- **DESCRIPTION OF THE TASK**: The entries that follow include a run beginning at the line with "Toyota C-HR DAA-ZYX10 - Image 2" and ending at the line with "pişmiş lezzetli pizza"; restate that run word for word and leave the rest out.

- **Entries taken from a collection**:
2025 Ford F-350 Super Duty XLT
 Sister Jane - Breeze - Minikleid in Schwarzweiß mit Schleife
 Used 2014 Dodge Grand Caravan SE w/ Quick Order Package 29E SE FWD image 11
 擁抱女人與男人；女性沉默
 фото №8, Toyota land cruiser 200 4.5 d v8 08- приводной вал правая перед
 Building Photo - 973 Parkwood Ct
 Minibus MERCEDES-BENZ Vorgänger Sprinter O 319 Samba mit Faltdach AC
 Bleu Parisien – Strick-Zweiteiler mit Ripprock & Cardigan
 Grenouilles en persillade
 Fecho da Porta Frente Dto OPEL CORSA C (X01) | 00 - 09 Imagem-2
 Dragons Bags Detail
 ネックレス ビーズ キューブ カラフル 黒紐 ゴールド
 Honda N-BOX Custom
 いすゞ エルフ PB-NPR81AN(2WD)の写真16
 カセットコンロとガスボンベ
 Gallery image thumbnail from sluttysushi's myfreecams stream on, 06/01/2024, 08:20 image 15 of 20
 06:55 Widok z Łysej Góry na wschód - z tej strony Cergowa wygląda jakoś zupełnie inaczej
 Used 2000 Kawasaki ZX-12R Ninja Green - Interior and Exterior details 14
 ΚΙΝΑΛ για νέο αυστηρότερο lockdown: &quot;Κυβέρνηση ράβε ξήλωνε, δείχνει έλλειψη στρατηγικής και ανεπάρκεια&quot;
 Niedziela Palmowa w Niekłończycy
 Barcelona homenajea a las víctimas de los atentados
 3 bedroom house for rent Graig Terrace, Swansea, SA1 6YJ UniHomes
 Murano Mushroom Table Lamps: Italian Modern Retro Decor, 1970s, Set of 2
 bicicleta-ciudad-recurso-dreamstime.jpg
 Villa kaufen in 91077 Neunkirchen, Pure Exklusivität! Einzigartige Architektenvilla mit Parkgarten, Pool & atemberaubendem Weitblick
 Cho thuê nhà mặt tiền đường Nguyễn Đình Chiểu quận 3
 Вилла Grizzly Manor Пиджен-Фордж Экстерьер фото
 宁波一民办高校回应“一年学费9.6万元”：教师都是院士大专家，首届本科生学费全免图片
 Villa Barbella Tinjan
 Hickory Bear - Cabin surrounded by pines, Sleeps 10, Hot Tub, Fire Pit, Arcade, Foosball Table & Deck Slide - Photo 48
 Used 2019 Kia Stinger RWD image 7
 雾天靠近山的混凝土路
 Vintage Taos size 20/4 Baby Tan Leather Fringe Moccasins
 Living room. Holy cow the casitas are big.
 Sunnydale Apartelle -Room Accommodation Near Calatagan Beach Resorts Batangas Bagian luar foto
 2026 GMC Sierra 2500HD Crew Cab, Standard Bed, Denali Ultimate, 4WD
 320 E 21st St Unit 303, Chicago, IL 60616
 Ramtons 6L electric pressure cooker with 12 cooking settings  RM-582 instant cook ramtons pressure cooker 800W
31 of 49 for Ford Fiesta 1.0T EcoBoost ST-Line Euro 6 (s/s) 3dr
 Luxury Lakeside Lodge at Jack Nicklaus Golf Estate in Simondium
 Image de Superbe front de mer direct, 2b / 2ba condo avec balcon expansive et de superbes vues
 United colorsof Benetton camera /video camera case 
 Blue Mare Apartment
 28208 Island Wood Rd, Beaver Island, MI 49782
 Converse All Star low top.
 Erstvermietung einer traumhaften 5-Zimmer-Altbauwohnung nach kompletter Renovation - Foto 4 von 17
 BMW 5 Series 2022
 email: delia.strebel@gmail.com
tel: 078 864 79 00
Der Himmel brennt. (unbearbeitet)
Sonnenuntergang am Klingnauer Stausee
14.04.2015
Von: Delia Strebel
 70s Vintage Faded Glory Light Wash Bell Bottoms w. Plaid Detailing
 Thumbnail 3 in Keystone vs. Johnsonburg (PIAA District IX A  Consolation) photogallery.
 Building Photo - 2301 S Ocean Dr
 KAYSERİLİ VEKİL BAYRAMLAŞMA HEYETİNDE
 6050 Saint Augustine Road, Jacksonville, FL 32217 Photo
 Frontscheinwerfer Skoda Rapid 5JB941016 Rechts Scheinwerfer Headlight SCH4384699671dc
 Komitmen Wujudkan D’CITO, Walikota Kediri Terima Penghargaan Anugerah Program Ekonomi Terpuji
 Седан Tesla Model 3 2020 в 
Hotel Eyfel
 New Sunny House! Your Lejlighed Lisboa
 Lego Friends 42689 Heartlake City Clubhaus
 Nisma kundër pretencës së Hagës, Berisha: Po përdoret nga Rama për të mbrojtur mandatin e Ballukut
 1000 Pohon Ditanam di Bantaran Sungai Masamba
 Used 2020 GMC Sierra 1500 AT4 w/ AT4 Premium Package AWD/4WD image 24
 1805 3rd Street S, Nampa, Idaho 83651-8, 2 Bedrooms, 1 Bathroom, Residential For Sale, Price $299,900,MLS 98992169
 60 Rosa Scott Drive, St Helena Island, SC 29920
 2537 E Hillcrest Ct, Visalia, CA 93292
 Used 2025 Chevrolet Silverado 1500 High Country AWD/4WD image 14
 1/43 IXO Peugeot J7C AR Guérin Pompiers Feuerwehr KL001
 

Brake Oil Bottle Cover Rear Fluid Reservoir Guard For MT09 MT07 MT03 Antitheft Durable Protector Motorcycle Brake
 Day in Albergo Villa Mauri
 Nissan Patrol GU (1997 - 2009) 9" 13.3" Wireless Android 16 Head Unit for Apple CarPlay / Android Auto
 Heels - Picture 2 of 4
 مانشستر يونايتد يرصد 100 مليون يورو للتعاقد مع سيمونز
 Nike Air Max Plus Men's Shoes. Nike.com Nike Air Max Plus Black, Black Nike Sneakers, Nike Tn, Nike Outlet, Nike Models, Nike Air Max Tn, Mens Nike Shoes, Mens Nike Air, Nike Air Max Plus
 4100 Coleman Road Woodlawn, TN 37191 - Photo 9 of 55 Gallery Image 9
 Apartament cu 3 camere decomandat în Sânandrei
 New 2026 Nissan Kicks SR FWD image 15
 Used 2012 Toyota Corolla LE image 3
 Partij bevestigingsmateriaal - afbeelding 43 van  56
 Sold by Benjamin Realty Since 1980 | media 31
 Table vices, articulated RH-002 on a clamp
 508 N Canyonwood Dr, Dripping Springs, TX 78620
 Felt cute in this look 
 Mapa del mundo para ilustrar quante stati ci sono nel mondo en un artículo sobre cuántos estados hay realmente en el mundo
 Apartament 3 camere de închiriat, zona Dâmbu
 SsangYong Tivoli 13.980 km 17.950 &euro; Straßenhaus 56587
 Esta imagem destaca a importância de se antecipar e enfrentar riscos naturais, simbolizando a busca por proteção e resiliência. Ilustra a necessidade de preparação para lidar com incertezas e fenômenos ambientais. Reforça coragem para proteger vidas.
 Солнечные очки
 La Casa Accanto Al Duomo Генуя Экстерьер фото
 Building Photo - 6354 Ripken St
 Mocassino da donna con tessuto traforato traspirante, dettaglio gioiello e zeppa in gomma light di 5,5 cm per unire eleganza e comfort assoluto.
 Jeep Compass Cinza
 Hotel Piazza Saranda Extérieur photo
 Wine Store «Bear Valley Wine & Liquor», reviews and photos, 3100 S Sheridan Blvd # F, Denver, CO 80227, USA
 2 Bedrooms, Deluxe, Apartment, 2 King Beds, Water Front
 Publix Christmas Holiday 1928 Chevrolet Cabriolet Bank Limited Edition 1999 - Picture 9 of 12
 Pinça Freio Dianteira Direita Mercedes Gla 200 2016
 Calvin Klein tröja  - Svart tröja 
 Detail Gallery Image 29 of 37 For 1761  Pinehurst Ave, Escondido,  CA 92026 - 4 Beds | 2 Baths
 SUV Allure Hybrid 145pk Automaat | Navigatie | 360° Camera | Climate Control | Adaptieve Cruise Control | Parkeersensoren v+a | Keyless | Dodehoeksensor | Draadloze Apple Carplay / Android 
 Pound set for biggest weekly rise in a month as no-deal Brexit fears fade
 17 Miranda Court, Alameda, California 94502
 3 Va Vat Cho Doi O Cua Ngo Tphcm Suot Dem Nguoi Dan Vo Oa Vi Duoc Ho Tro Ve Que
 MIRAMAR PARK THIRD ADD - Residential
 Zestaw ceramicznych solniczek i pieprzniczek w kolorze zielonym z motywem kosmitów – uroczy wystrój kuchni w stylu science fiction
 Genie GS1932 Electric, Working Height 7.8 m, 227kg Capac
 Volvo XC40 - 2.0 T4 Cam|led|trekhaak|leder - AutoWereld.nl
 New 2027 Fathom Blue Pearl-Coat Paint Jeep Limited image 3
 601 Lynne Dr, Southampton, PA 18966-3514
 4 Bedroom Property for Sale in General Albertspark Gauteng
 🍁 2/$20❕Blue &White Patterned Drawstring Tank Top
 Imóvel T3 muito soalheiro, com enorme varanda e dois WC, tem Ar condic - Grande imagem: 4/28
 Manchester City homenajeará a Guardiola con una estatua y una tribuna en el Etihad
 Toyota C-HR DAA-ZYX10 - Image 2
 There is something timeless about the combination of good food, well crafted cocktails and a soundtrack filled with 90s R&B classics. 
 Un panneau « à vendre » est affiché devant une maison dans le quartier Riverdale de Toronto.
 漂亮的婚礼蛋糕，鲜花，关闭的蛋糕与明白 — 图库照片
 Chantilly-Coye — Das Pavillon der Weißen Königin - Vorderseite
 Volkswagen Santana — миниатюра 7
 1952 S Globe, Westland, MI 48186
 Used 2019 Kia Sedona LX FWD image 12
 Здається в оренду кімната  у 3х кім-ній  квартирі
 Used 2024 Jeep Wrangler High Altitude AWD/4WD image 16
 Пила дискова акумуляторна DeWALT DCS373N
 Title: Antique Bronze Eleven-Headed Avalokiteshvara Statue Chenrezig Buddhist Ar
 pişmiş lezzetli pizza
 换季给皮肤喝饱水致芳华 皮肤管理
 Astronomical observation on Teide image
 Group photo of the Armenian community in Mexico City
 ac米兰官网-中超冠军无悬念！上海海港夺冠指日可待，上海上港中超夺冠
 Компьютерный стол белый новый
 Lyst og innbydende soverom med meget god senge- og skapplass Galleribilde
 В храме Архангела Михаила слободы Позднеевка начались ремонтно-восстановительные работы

- **RESULT BELOW**:
 Toyota C-HR DAA-ZYX10 - Image 2
 There is something timeless about the combination of good food, well crafted cocktails and a soundtrack filled with 90s R&B classics. 
 Un panneau « à vendre » est affiché devant une maison dans le quartier Riverdale de Toronto.
 漂亮的婚礼蛋糕，鲜花，关闭的蛋糕与明白 — 图库照片
 Chantilly-Coye — Das Pavillon der Weißen Königin - Vorderseite
 Volkswagen Santana — миниатюра 7
 1952 S Globe, Westland, MI 48186
 Used 2019 Kia Sedona LX FWD image 12
 Здається в оренду кімната  у 3х кім-ній  квартирі
 Used 2024 Jeep Wrangler High Altitude AWD/4WD image 16
 Пила дискова акумуляторна DeWALT DCS373N
 Title: Antique Bronze Eleven-Headed Avalokiteshvara Statue Chenrezig Buddhist Ar
 pişmiş lezzetli pizza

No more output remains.